From the Richmond Times-Dispatch, 3/29/1912, p. 8, c. 6

COSTS BIG SUM TO PROTECT PARK
Fifty Thousand Dollars Needed to Prevent Chimborazo From Sliding.

The subcommittee on parks of the Council Committee on Grounds and Buildings held an extended meeting last night for consultation with the City Engineer as to improvements to be made in the parks of the city this year. Mr. Bolling stated that with the demands of the various parks, and the comparatively small amount available at this time, that it was hardly practicable to undertake the extensive work that will be needed to prevent the disastrous slides in Chimborazo Park without some special appropriation.

To do that work properly and thoroughly protect the entire park, he said, would probably cost from $40,000 to $50,000. In the past two weeks there have been two disastrous slides, one of which blocked the tracks of the Chesapeake and Ohio Railway for several days, and the other on the other side has blocked one of the main driveways, destroyed much valuable property and broken both grand-lithic walks and special work around the fountain.

Mr. Bolling explained that examination showed that the underlying soil was a blue marl clay, which has a scaly surface. After heavy rains, when water percolates through the upper strata of clay and gravel, the lower surface becomes slippery, and from time to time the whole upper levels of terrace, walkways and other improvements have shown a tendency to slip down hill, sometimes moving whole trees and large sections of walkways for several feet. Mr.

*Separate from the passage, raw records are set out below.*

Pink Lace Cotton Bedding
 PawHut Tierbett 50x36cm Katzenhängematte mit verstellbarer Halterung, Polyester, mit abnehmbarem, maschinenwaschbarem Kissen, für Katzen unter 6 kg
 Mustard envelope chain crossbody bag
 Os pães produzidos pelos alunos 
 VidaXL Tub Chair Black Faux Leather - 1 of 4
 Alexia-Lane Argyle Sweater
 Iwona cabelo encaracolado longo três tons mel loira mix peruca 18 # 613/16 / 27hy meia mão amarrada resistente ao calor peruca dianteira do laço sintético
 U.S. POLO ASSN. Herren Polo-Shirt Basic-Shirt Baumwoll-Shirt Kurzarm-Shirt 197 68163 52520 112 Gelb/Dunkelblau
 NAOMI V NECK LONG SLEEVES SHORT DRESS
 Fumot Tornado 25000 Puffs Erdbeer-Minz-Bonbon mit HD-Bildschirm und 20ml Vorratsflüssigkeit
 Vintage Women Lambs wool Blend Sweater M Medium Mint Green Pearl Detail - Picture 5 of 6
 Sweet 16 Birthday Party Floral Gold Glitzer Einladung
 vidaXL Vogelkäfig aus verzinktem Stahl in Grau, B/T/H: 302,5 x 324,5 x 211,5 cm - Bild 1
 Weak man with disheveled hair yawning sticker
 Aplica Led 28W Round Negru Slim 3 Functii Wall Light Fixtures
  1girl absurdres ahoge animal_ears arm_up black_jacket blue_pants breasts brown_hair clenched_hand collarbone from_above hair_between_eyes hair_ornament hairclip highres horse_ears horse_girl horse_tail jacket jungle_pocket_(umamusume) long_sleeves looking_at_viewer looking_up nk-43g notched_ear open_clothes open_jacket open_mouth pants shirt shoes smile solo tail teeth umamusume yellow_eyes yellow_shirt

Bolling explained methods by which the hill sides might be protected by securing foundations for walls deep in the blue clay subsoil with a drainage system to that which has recent been used with good effect by French engineers in handling similar conditions about Paris, where some very disastrous slides are reported to have occurred, some of them carrying down whole rows of houses.

A slide in Chimborazo Park more than a year ago carried down a large section of Thirty-first Street, together with a sewer draining a large area, which proved expensive to replace.